─── Exercise inputs
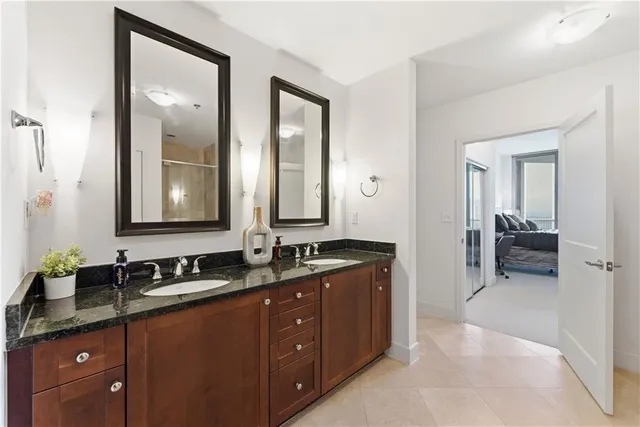 a en suite bathroom with double sink and a mirror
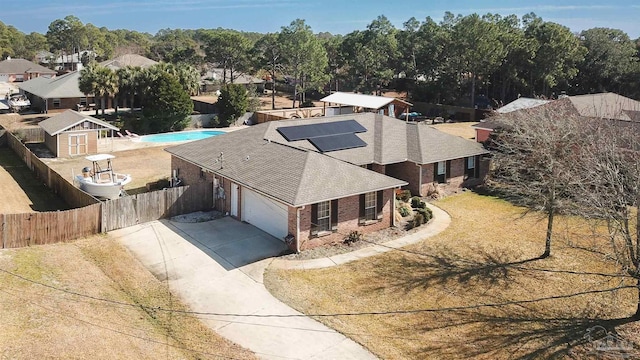 birds eye view of property with a residential view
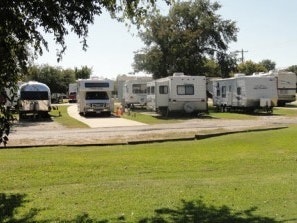 A Grassy Lawn with RV's parked in the background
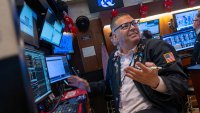 Traders work on the floor of the New York Stock Exchange (NYSE) on May 19, 2025 in New York City.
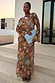 Star Fawn Aria Mesh Dress in brown with celestial star motifs and sheer flared sleeves, worn by a model with a blue clutch.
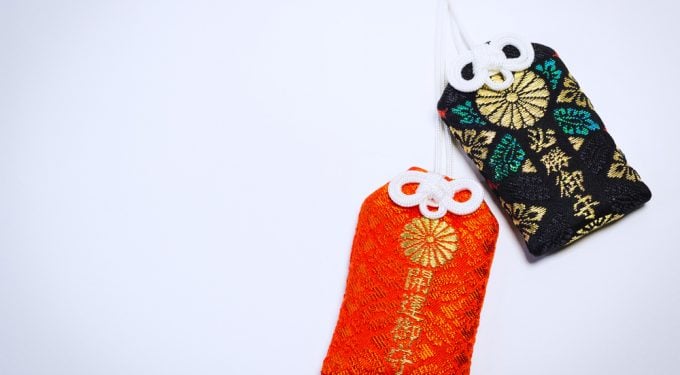 Zwei japanische Omamori in orange und schwarzGlücksbringer Anhänger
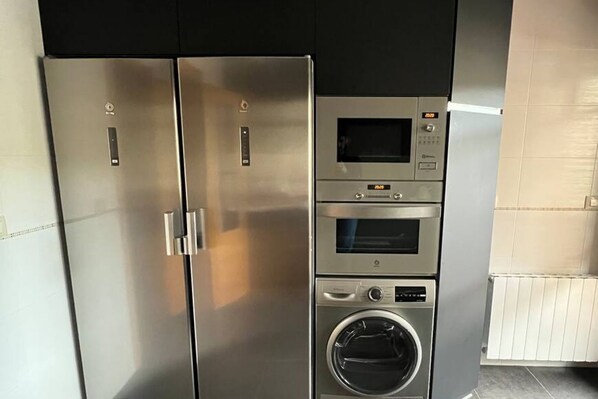 Une cuisine moderne équipée d’appareils électroménagers en acier inoxydable, notamment un réfrigérateur, un four, un four à micro-ondes et un lave-linge encastré.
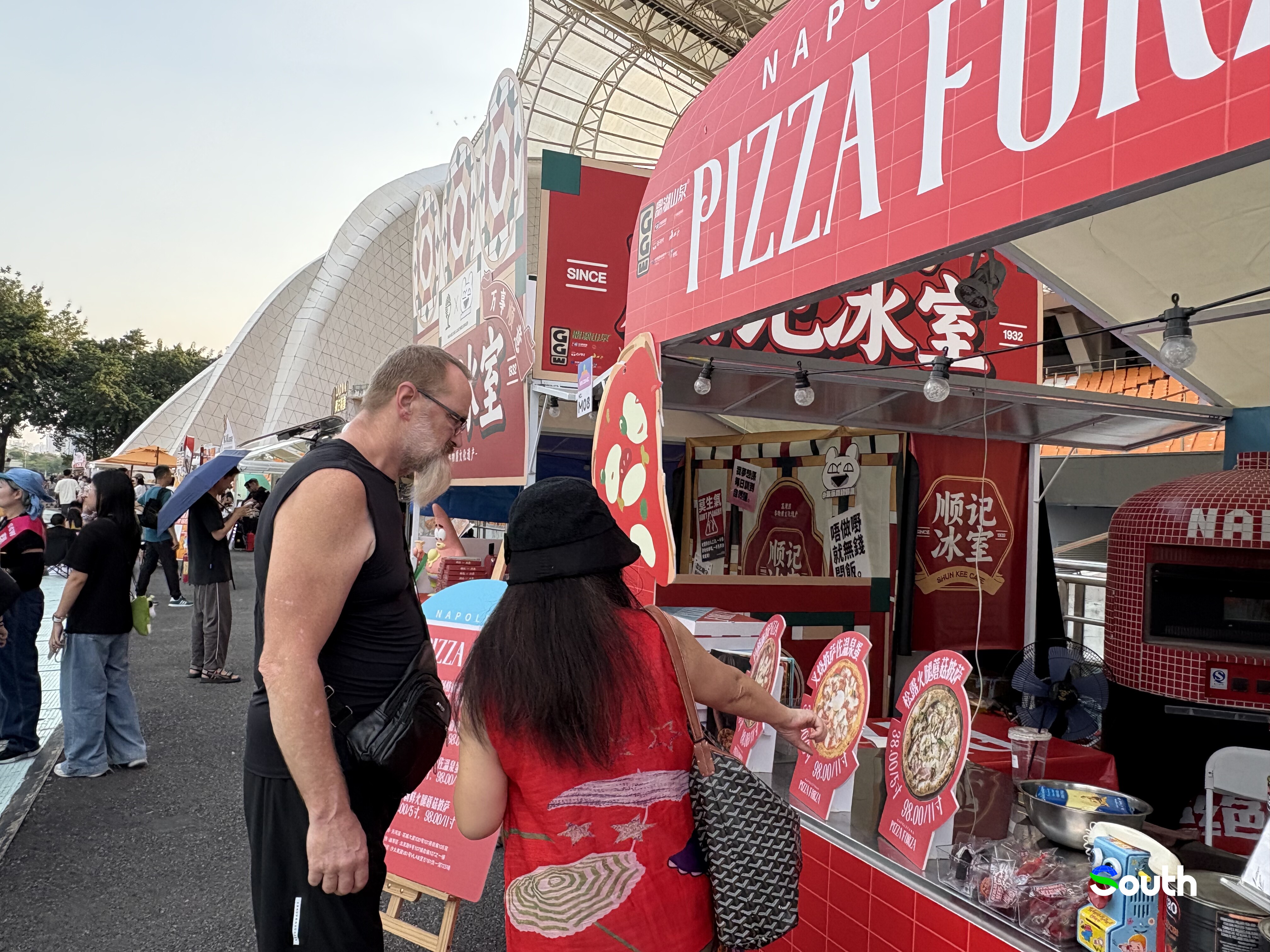 An international visitor browses the diverse food stalls at the event.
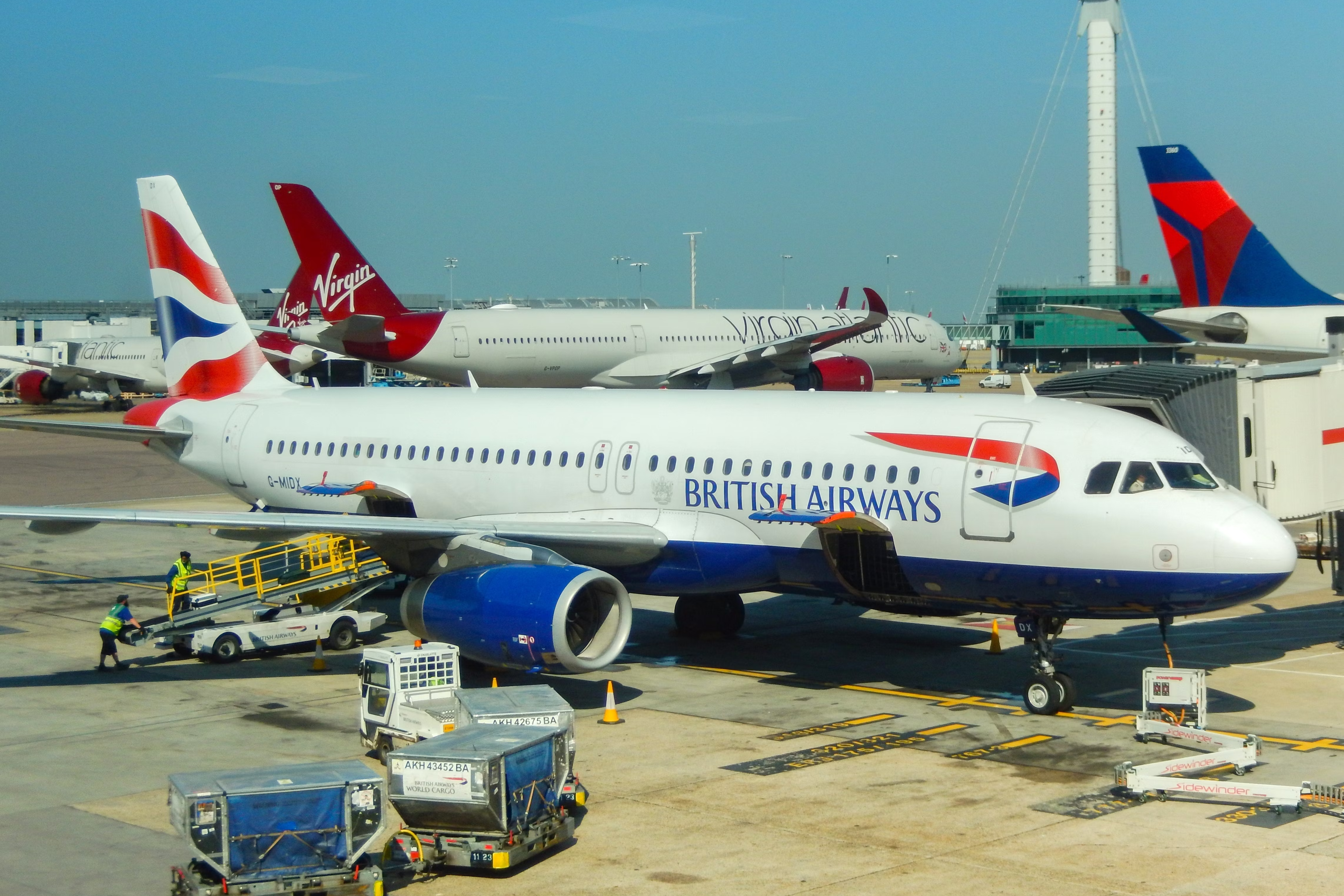 A British Airways Airbus A320 parked at the terminal in Heathrow Airport.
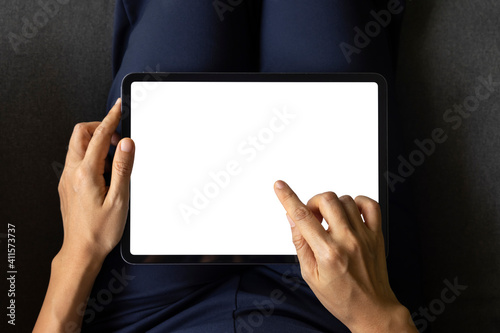 Close-up woman of hand held with digital tablet white screen on sofa in the living room. Concept of technology, connection, communication
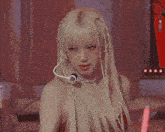 a blonde woman with a microphone on her head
──────
** Exercise description **
Where the line with "A Grassy Lawn" appears, begin there and transcribe exactly through the last line of the data, leaving all pictures aside.

** Output **
 A Grassy Lawn with RV's parked in the background
 Traders work on the floor of the New York Stock Exchange (NYSE) on May 19, 2025 in New York City.
 Star Fawn Aria Mesh Dress in brown with celestial star motifs and sheer flared sleeves, worn by a model with a blue clutch.
 Zwei japanische Omamori in orange und schwarzGlücksbringer Anhänger
 Une cuisine moderne équipée d’appareils électroménagers en acier inoxydable, notamment un réfrigérateur, un four, un four à micro-ondes et un lave-linge encastré.
 An international visitor browses the diverse food stalls at the event.
 A British Airways Airbus A320 parked at the terminal in Heathrow Airport.
 Close-up woman of hand held with digital tablet white screen on sofa in the living room. Concept of technology, connection, communication
 a blonde woman with a microphone on her head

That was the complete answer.